Piero Sardo; “Daha fazla et ve süt elde edecekleri hayvanları seçiyorlar, diğerlerini yok ediyorlar. Mısır, pamuk gibi ürünlere ağırlık veriliyor. Diğerleri yok ediliyor. Tek çeşitlilik çok tehlikelidir. Baş edilemeyecek bir hastalık durumunda her şey tümden yok olabilir. İrlanda’da 1939 yılında yaşanan patates krizinde olduğu gibi sadece bir ürün yüzünden büyük göçler, büyük acılar yaşanabilir.

“Bilim adamları her konuda yeterli olamadığı, yerel üreticilerin daha bilgili, tecrübeli oldukları ortaya çıktı.”

“GDO tarımı bombalıyor. GDO bilim adamlarının yarattığı bir canavar. Açlığı önlemek için geliştirdik dedikleri ürünleri petrole çevirmeye çalışıyorlar. Bir kilo biftek 7 kilo mısır’ın karşılığında oluyor. Bu hızla Et tüketmeye devam edersek. dünya çöker. Hayvanları beslemeye yer yetmeyecek. Et yüzünden toprakla iletişim kayboluyor. İnsanlar endüstriyel tatlar yüzünden yerel tatları kaybediyorlar.”

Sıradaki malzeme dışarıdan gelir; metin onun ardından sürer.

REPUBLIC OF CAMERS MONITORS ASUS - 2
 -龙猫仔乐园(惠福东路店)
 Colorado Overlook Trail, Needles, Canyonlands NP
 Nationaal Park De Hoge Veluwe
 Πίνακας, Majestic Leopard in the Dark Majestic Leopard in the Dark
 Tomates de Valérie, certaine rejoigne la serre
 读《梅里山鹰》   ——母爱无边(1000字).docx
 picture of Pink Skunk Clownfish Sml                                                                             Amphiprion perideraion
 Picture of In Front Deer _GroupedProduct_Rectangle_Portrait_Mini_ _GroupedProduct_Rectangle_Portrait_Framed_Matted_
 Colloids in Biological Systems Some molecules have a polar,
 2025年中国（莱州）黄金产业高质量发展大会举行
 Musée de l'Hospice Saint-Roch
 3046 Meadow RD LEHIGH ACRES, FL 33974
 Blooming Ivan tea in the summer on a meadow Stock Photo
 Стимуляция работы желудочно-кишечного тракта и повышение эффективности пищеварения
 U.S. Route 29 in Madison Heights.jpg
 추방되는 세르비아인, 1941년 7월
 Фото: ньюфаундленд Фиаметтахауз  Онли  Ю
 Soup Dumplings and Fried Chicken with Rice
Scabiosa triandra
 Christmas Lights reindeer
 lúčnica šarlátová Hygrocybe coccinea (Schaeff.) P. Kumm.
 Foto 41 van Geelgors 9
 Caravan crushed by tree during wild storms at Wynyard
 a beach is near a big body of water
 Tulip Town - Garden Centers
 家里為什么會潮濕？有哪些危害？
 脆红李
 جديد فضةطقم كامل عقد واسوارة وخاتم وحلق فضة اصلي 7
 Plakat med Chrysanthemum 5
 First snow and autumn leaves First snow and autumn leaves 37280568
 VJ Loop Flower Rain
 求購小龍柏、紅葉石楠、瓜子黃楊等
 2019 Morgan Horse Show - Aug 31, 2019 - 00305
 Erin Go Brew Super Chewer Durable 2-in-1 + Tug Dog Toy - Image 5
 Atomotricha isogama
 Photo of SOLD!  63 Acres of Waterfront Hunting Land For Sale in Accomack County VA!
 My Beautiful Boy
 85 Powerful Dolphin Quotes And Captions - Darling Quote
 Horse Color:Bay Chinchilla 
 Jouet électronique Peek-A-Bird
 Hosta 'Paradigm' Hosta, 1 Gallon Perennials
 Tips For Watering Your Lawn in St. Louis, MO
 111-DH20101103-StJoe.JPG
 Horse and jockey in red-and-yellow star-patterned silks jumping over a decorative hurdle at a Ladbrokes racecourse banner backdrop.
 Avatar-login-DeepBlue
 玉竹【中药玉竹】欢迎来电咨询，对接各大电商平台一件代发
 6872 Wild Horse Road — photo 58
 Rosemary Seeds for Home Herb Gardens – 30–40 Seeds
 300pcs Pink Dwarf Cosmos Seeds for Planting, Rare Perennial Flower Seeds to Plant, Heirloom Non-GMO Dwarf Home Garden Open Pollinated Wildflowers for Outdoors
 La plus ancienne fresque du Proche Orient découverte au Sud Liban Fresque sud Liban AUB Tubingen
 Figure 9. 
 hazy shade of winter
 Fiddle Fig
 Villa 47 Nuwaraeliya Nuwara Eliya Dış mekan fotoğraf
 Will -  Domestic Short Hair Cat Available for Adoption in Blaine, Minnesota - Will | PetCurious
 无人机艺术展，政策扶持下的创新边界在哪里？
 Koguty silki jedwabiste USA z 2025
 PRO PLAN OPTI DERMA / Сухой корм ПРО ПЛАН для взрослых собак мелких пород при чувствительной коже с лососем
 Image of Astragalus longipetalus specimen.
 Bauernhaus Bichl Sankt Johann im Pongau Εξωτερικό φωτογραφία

“Slow Food olarak geliştirdiğimiz dört farklı projeyi hayata geçirmeye çalışıyoruz. 1. Nuh’un Ambarı projesi – Bütün dünyadaki tatları yiyecekleri korumak istiyoruz. 2. Presidi projesi –Belli ürünlere odaklanmış çalışmalar yapıyoruz. Örneğin Türkiye’de Kastamonu sies Bulguru bu kapsamda. 3. Yeryüzü Pazarı projesi (Earth Market) – Bir örneği Foça’da bulunan bu pazarlar iyi, adil ve temiz şartlarda ürün yetiştiren üreticiye açık. 4. Yerel Ürün işleyen restoranlar – Restoranların yerel ürünlerle yerel yemekler yapmasını savunuyoruz. “
“Hiç kimse bilime ve modernizme karşı değil. Bilim temiz yapılmalı, büyük şirketlerin, lobilerin amaçlarına hizmet etmemeli. Bilimsel araçların gelişmişliği yüzünden Ege’de Akdeniz’de balık nesli tükeniyor. Ege’yi Akdeniz’i denizanaları basıyor. Balıkçılık ölüyor”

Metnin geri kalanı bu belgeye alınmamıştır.